School district resumes discussion of high school renovations
School board members Janeice Bergland, Josh Mack and Pat Rottinghaus discuss the results of a facilities survey last Wednesday at a work session. In the background is communications director Justin DeVore. (Press photo James Grob.)
By James Grob, jgrob@charlescitypress.com

Air conditioning isn’t typically a major conversation topic during a December cold spell in Iowa.

It was, however, a large part of the discussion last week as directors of the Charles City Board of Education held a work session to try to come to grips with the facility needs of the school district.

“The cooling is non-existent, and the heating is so irregular,” said director Janeice Bergland, referring to Charles City High School.

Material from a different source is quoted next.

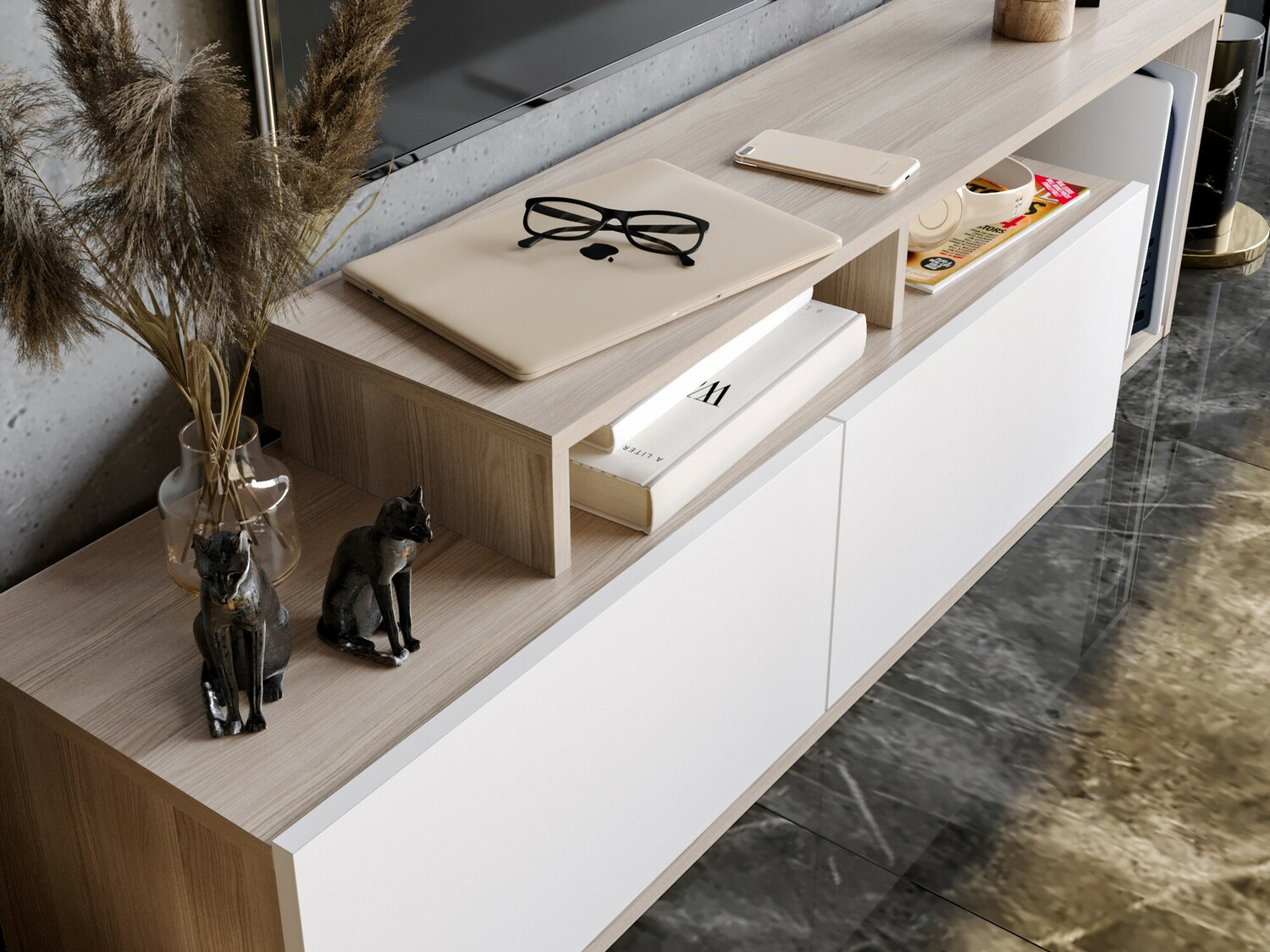 Mueble TV Kailua 1319 (Blanco + Nogal)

Jerry Mitchell, Charles City buildings and grounds director, agreed.

“It’s sporadic,” Mitchell said. “We keep them running, but keeping them running is difficult at times. We had a lot of issues with it at the end of the summer.”

The work session last week was to hear and discuss the results of a recent community-wide survey that requested the input of school district residents to help determine how the district can best address its capacity and facility challenges.

The board will hold another work session regarding facilities improvements on Wednesday morning, Dec. 18, at the NIACC building in Charles City, starting at 7 a.m. The public is encouraged to attend.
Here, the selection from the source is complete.